■ DATA RECORDS
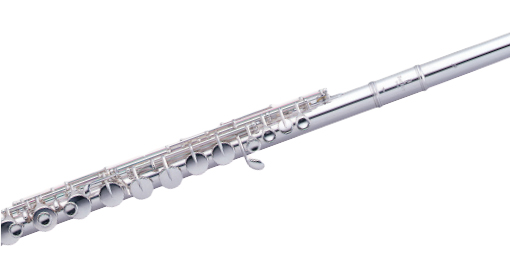 Detail Gambar Flute Nomer 19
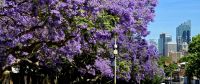 Sydney Impressionen (13) &ndash; &copy; Marcus Hasselhorst (Eberhardt TRAVEL)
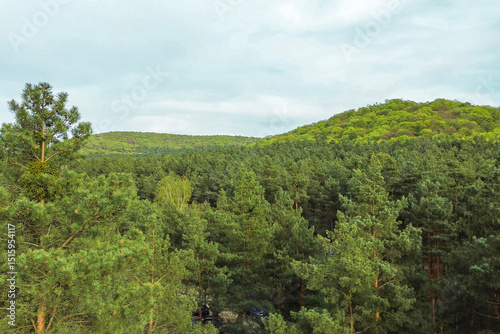 Summer woodland landscape with green foliage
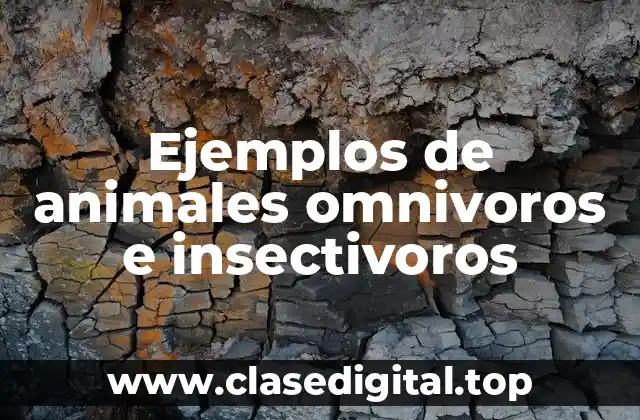 Ejemplos de animales omnivoros e insectivoros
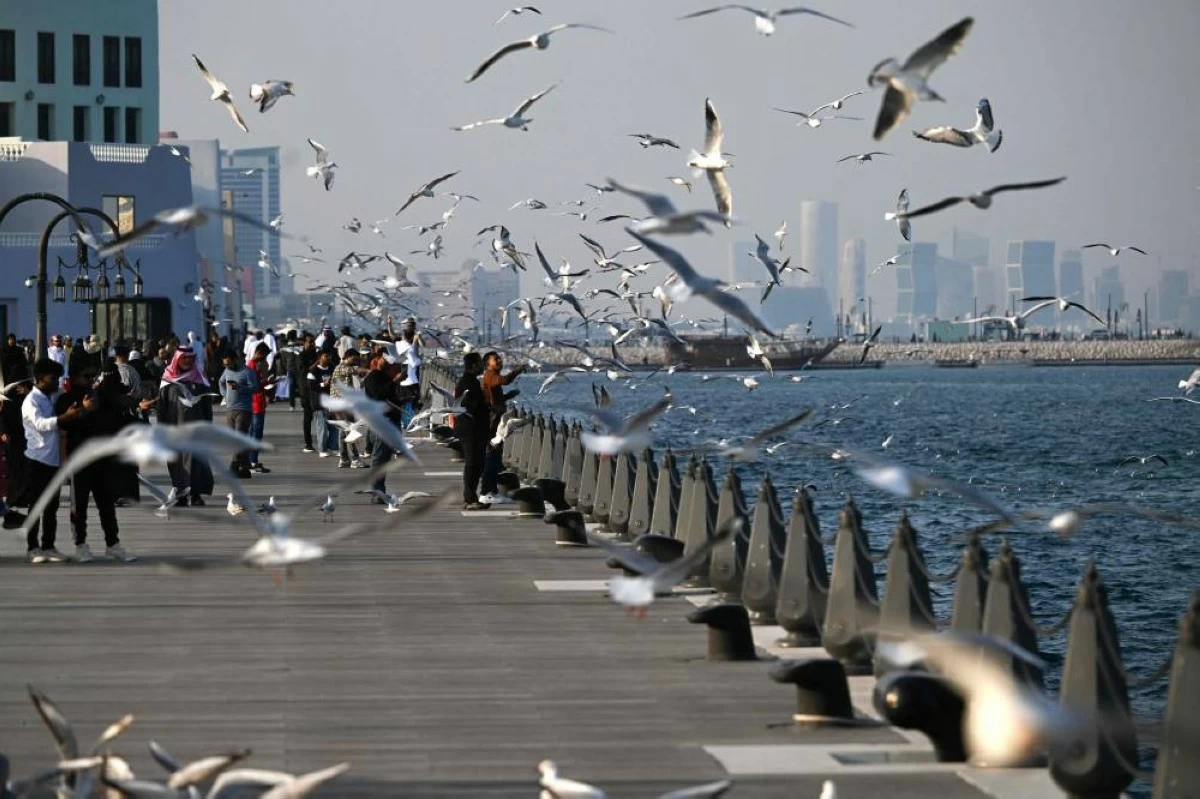 صوره – مشاهد ساحرة.. طيور النورس تزين ميناء الدوحة القديم (أ ف ب)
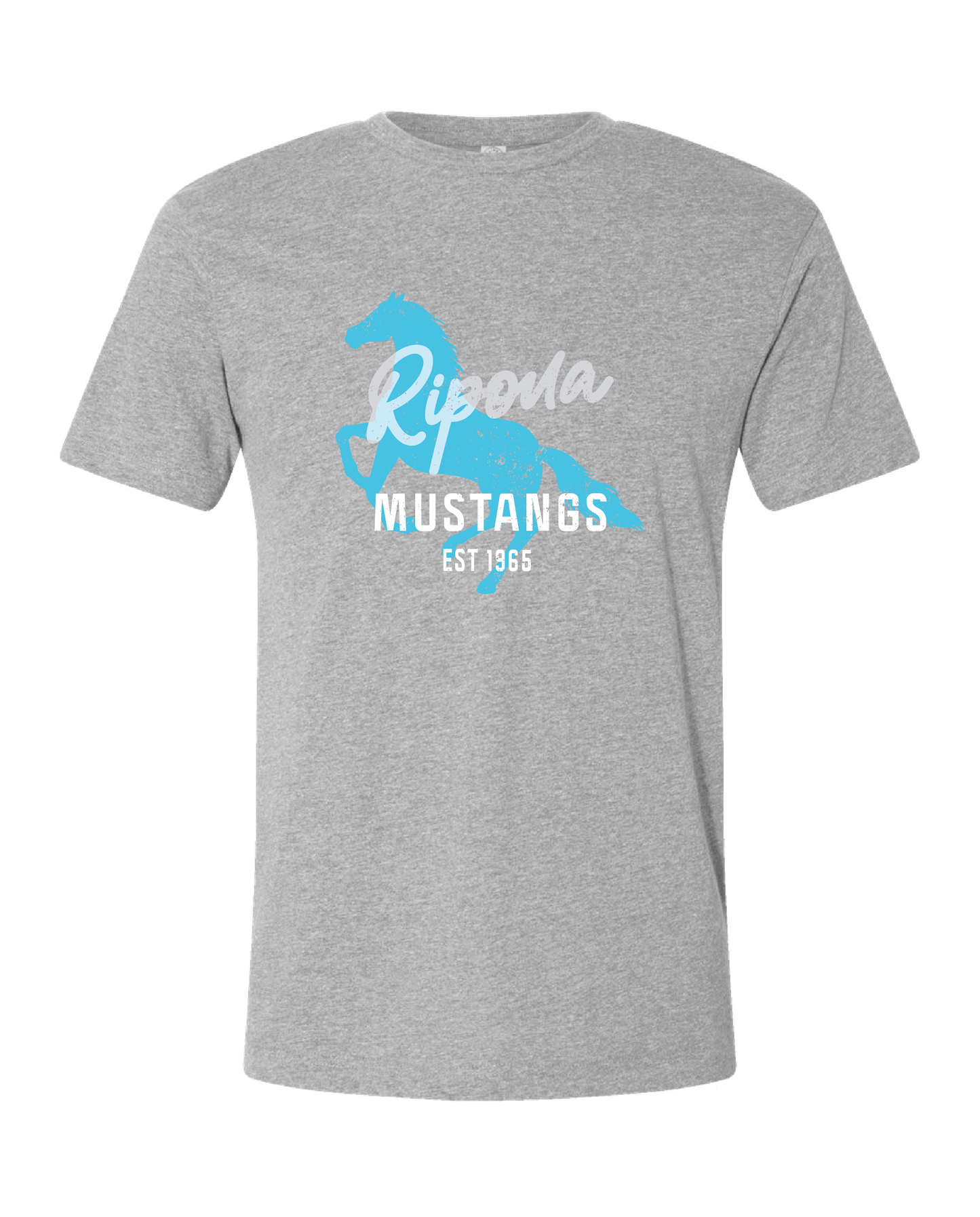 Distressed Ripona Shirt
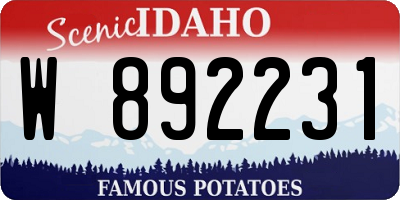 ID license plate W892231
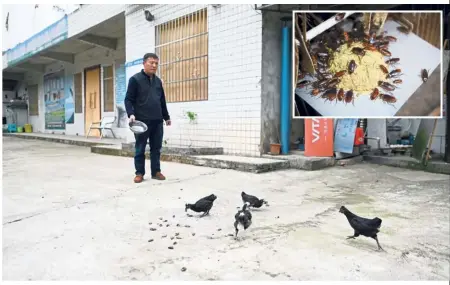  ?? — AFP ?? Crunchy lunch: Li feeding roaches to chickens at his roach farm in Yibin. (Inset) The six-legged creatures may be a bugbear for most, but Li and other breeders in China are turning them into a niche business.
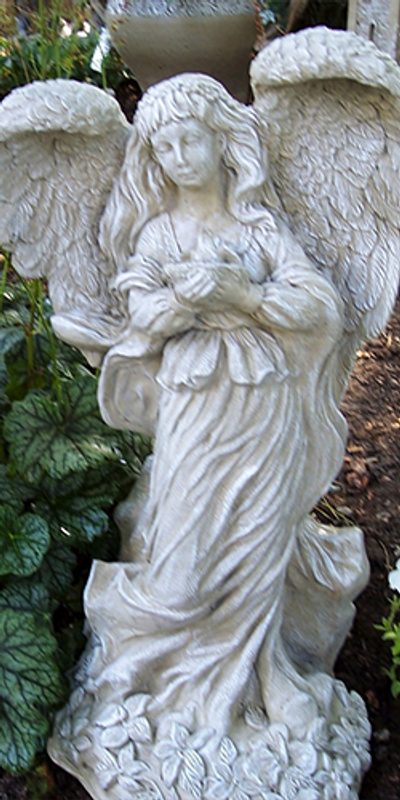 Abbey Angel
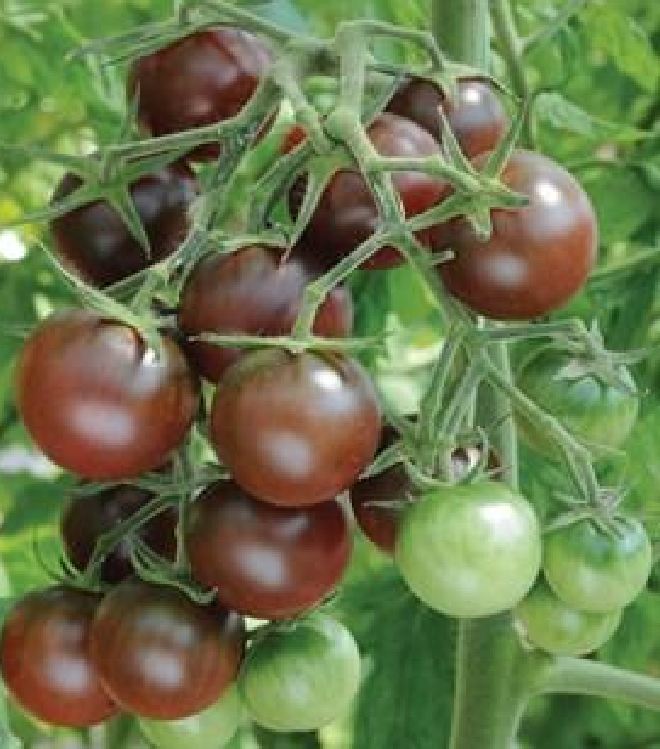 Hạt giống cà chua bi socola 30 hạt/gói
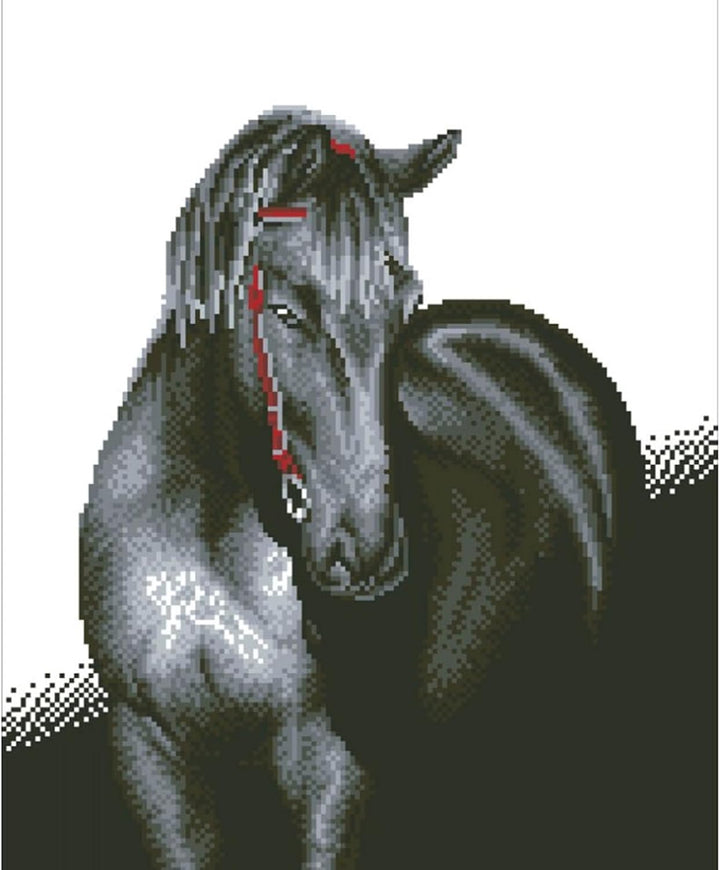 DIAMOND DOTZ DD10.012 - Original 5D Diamond Painting Set Schwarzes Pferd, Kreativset mit 16.797 Diam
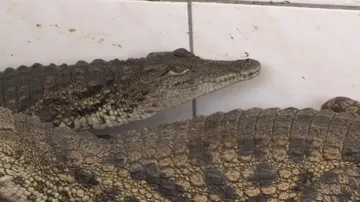 Krokodýlí farma
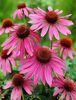 echinaceea-roz-echinacea-magnus-_2560_1_1493467264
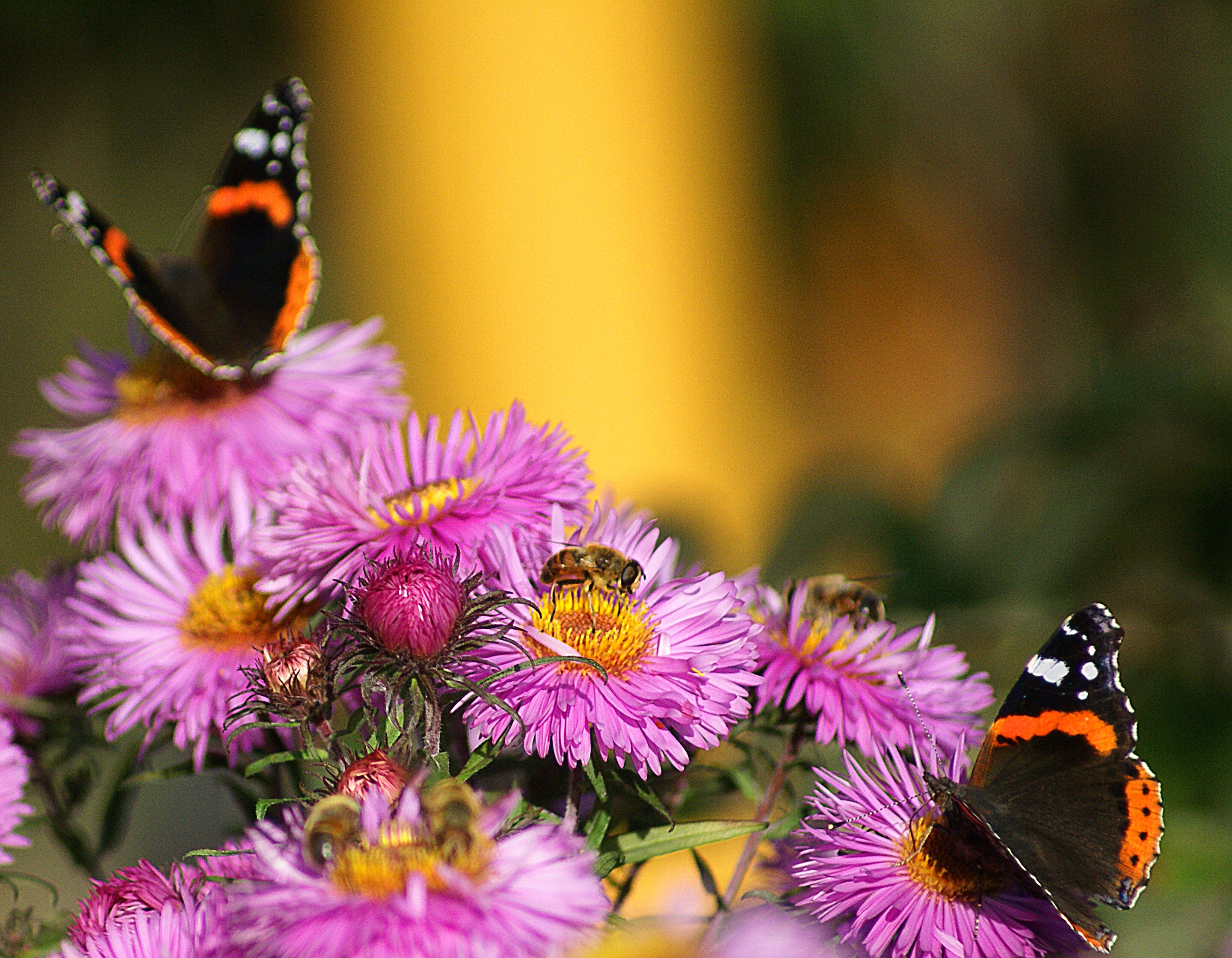 a flower garden, sharpness, plant, butterfly - insect, fair admiral, invertebrate, one animal, garden, no people, flowering plant, pollen, flower, fragility, HD Wallpaper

■ ABOUT THIS EXERCISE
Repeat, word for word, each of the records, omitting any image they hold.

■ RESPONSE AREA
 Detail Gambar Flute Nomer 19
 Sydney Impressionen (13) &ndash; &copy; Marcus Hasselhorst (Eberhardt TRAVEL)
 Summer woodland landscape with green foliage
 Ejemplos de animales omnivoros e insectivoros
 صوره – مشاهد ساحرة.. طيور النورس تزين ميناء الدوحة القديم (أ ف ب)
 Distressed Ripona Shirt
 ID license plate W892231
  ?? — AFP ?? Crunchy lunch: Li feeding roaches to chickens at his roach farm in Yibin. (Inset) The six-legged creatures may be a bugbear for most, but Li and other breeders in China are turning them into a niche business.
 Abbey Angel
 Hạt giống cà chua bi socola 30 hạt/gói
 DIAMOND DOTZ DD10.012 - Original 5D Diamond Painting Set Schwarzes Pferd, Kreativset mit 16.797 Diam
 Krokodýlí farma
 echinaceea-roz-echinacea-magnus-_2560_1_1493467264
 a flower garden, sharpness, plant, butterfly - insect, fair admiral, invertebrate, one animal, garden, no people, flowering plant, pollen, flower, fragility, HD Wallpaper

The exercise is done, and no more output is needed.